After the contract had been signed, the late David Gillespie, a Legion member on the Sunset Homes board, did most of the financial negotiations with the Community Health Council. As a result the Sunset Homes was able to add another $80,000 to the $164,000 contribution by the MacGregor Society.
Some time later, the Sunset Society's new chairperson, Myrna Leishman, working with treasurer Donald Swaitlowski, acquired another $100,000 in the form of a charitable donation from the Real Estate Board of British Columbia.
With our down payment plus cash in hand, The Sunset Homes board called for local builders to tender plans and costs. Two were received. The board chose a design by John Spick, who would work with builder Jim Agius as contractors. Spick produced plans for the first two buildings to be named MacGregor Lodge, and was additionally contracted to build a scale model that is now in Jim Agius Construction offices. Phase 1 has six one-bedroom units, and four two-bedroom units. Phase 2 has seven one-bedroom units and four two-bedroom units.

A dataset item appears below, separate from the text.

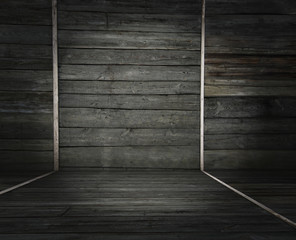 old wooden interior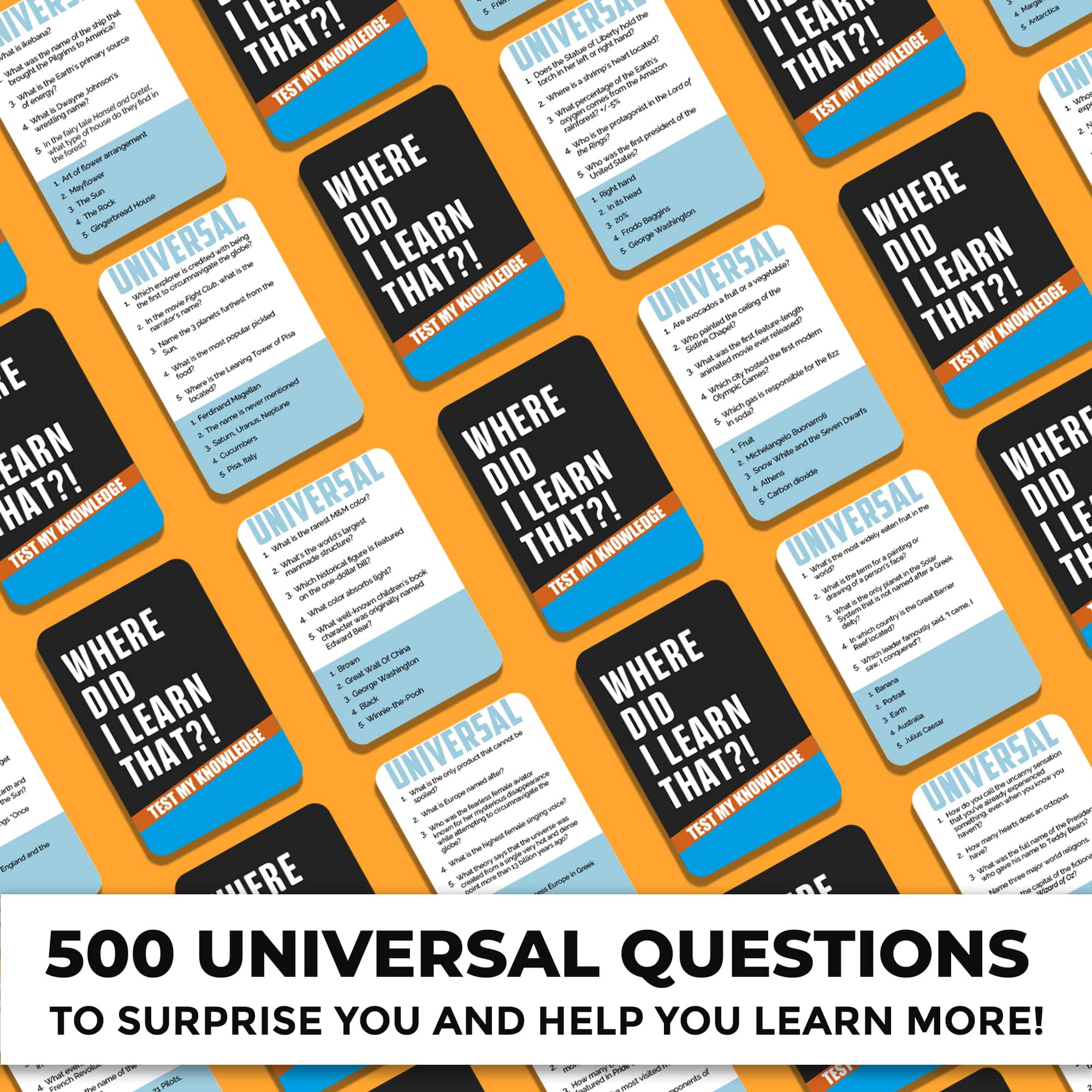 Quokka Trivia Card Games for Adults – Party Board Games for Family Night 500 Questions - 2+ Players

The Sunset Homes Society is now paying for a feasibility study to build on the last vacant lot, on the sloping section of treed land directly behind the Olive Devaud Residence.
When the Olive Devaud Residence is returned to the Sunset Homes Society, it will probably revert to its original purpose of providing a residence for needy seniors.
"Through [the]CHCs, the provincial government became the virtual owner of all provincial hospitals and continuing care homes and the lands on which they stood."
PPS. Vancouver Coastal Health authority returned the land and building in 2015 with the opening of the Willingdon Creek Village residence. Powell River Sunset Homes Society sold the property in October 2016.